# Introduction 
K-Nearest Neighbour (KNN) can be used for solving classification as well as regression problems. However , it is more widely used in classification problems in industry.
 
In this notebook , we are going to create KNN algorithm from scratch and use it to solve IRIS dataset. Further we will compare our results with KNeighborsClassifier of sklearn.

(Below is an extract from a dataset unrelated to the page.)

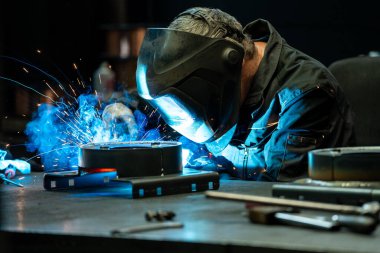 Welder creating a bright arc while joining metal pieces in a dark workshop, surrounded by tools and equipment. clipart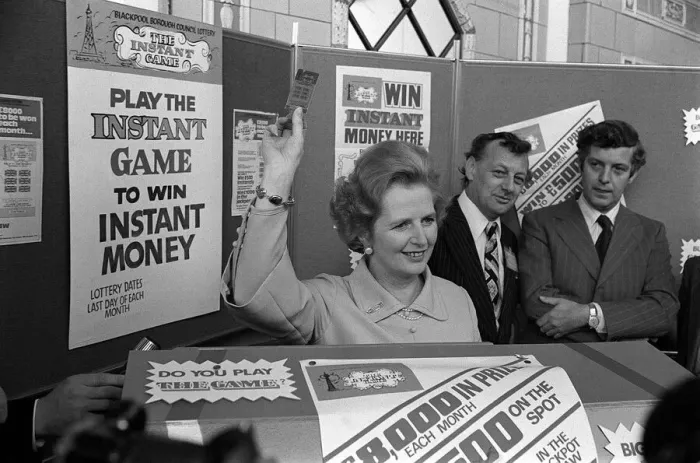 Framed Print : Margaret Thatcher October 1977 holds up an instant game ticket at the Conservative Party Framed Print : Margaret Thatcher October 1977 holds up an instant game ticket at the Conservative Party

We can implement KNN by following below steps:
* Load the data
* Initialize the value of k
* Iterate over all the test data points.
* for getting the predicted class, iterate from one to total no. of training data points
    1. Calculate the distance between test data and each row of training data. Here we will use Euclidean distance as our distance metric since it’s the most popular method. The other metrics that can be used are Manhatten,Chebyshev, cosine, etc.
    2. Sort the calculated distances in ascending order based on distance values.
    3. Get top k rows from the sorted array.
    4. Get the most frequent class of these rows.
    5. Return the predicted class.

# Implementation
You can dowload the iris dataset from [here](https://gist.githubusercontent.com/gurchetan1000/ec90a0a8004927e57c24b20a6f8c8d35/raw/fcd83b35021a4c1d7f1f1d5dc83c07c8ffc0d3e2/iris.csv)

In [None]:
#Importing libraries
import pandas as pd
import numpy as np
import math
import operator
import os
print(os.listdir("../input"))

# Any results you write to the current directory are saved as output.

In [None]:
# importing data
data=pd.read_csv('../input/Iris.csv',index_col='Id')
data.head()

In [None]:
data.shape

In [None]:
# Defining a function to calculate euclidean distance between two data points
def euclideanDistance(data1,data2,length):
    distance=0
    for x in range(length):
        distance+=np.square(data1[x]-data2[x])
    return np.sqrt(distance)

# Defining our KNN model
def knn(train,test,k):
    
    
    length=test.shape[1]
    result=[]
    # calculating euclideanDistance between each row of training data and test data
    for y in range(len(test)):
        distances={}
        sort={}
        for x in range(len(train)):
            dist=euclideanDistance(test.iloc[y],train.iloc[x],length)
            distances[x]=dist
           
        #sorting them on the basis of distance
        sorted_d=sorted(distances.items(),key=operator.itemgetter(1))
    
        neighbors=[]
    
        # Extracting top k neighbors
        for  x in range(k):
            neighbors.append(sorted_d[x][0])
        
        classvotes={}
    
        # calculate most frequent class in the neighbors
        for x in range(len(neighbors)):
            response=train.iloc[neighbors[x]][-1]
        
            if response in classvotes:
                classvotes[response]+=1
            else:
                classvotes[response]=1
         
        sortedvotes=sorted(classvotes.items(),key=operator.itemgetter(1),reverse=True)
        result.append(sortedvotes[0][0])
    return (result)

    

In [None]:
# creating a dummy test set
testset=[[7.2,3.6,5.1,2.5],[7.5,3.8,5.3,2.8]]
test=pd.DataFrame(testset)
# setting no. of neighbors
k=3
#Running our model
result=knn(data,test,k)
print(result)


# Comaring Our model with scikit-learn

In [None]:
from sklearn.neighbors import KNeighborsClassifier
neigh=KNeighborsClassifier(n_neighbors=3)
neigh.fit(data.iloc[:,0:4],data['Species'])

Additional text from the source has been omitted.